Klara’s eyes narrowed. “What gentleman friend? What party?”
“She begged me not to tell you,” Andras said. “I promised her I wouldn’t.”
“When did this happen?”
“Months ago,” Andras said. “January.”
“January!” She put a hand against the sofa as if to keep herself upright. “Andras, you can’t mean that.”
“I’m sorry. I should have told you sooner. I didn’t want to betray Elisabet’s trust.”
The look in her eyes was pure rage. “What is this person’s name?”
“I know his first. I don’t know his last. But your nephew knows him. We can go to his place-I’ll go up, and you can wait in the cab.”
She took up her light coat from the sofa, and a moment later they were running down the stairs. But when they opened the door they found Elisabet on the doorstep, holding a pair of evening shoes in one hand, a cone of spun-sugar candy in the other. Klara, standing in the doorway, took a long look at her, at the shoes, the cone of candy; it was clear she hadn’t come from an innocent evening with Marthe. Elisabet, in turn, cast a long look at Andras. He couldn’t hold her gaze, and in that instant she seemed to understand that he had betrayed her; she turned an expression of startled outrage upon him, then pushed past him and her mother and ran up the stairs. A few moments later they heard her bedroom door slam.
“We’ll talk later,” Klara said, and left him standing in the entryway, having earned the furious contempt of both Morgenstern
s.
“I think you ought to know what kind of woman my mother is,” Elisabet said.

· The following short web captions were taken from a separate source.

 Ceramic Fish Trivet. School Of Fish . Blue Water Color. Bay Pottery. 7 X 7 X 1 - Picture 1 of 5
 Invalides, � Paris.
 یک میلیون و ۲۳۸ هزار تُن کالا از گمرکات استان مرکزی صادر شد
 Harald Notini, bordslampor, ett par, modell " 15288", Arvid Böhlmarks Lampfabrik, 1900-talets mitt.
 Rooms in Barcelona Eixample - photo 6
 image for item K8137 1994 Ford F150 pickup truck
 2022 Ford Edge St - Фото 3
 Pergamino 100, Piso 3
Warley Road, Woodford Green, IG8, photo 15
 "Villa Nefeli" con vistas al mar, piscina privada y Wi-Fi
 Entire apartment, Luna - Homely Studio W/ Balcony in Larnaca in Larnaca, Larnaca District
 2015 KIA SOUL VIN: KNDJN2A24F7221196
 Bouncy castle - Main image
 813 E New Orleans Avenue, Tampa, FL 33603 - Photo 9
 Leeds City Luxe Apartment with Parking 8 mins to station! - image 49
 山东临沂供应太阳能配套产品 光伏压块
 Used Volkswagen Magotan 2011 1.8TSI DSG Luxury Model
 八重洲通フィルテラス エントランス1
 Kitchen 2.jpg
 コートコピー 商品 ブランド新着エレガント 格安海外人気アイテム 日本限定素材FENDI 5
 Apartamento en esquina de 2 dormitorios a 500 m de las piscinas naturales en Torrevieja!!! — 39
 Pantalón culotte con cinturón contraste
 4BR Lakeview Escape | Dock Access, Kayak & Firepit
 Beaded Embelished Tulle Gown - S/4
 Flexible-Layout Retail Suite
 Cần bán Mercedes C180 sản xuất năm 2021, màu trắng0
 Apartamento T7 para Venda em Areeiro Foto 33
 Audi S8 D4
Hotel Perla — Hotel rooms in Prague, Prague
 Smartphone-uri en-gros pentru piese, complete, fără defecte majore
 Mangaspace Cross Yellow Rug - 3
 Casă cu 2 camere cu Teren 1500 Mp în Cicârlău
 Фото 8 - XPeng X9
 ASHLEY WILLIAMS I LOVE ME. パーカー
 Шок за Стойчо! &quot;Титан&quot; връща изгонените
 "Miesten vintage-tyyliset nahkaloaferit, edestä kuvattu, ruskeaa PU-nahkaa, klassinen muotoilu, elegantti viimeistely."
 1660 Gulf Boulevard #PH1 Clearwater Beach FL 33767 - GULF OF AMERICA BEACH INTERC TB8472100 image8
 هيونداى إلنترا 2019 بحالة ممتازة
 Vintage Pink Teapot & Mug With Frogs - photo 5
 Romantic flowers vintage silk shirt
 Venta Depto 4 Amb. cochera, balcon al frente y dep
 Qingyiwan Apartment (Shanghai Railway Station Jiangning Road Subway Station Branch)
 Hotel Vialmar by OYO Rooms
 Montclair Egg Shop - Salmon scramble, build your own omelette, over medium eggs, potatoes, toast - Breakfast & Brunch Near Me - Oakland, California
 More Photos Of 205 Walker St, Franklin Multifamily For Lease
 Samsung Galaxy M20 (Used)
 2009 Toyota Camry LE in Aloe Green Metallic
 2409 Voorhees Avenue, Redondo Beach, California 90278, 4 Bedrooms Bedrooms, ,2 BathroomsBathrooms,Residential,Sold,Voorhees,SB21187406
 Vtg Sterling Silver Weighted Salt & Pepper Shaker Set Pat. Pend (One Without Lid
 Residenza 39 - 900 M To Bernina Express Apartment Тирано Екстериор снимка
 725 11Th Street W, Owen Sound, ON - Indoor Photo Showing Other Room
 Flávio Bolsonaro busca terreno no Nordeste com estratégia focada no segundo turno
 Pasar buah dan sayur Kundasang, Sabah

She sat on a bench in the Tuileries and Andras stood before her; two days had passed since he’d last seen Klara, and no word had come from the rue de Sévigné. Then that afternoon, Elisabet had surprised him in the courtyard of the École Spéciale, causing Rosen and Ben Yakov to think she must be the mysterious woman he’d been seeing all that time-the woman they’d never met, whom he’d mentioned only in the vaguest terms during their conversations at the Blue Dove. When they emerged from studio and saw Elisabet standing in the courtyard, her cold eyes fixed upon Andras, her arms crossed over the bodice of her pale green dress, Rosen gave a whistle and Ben Yakov raised an eyebrow.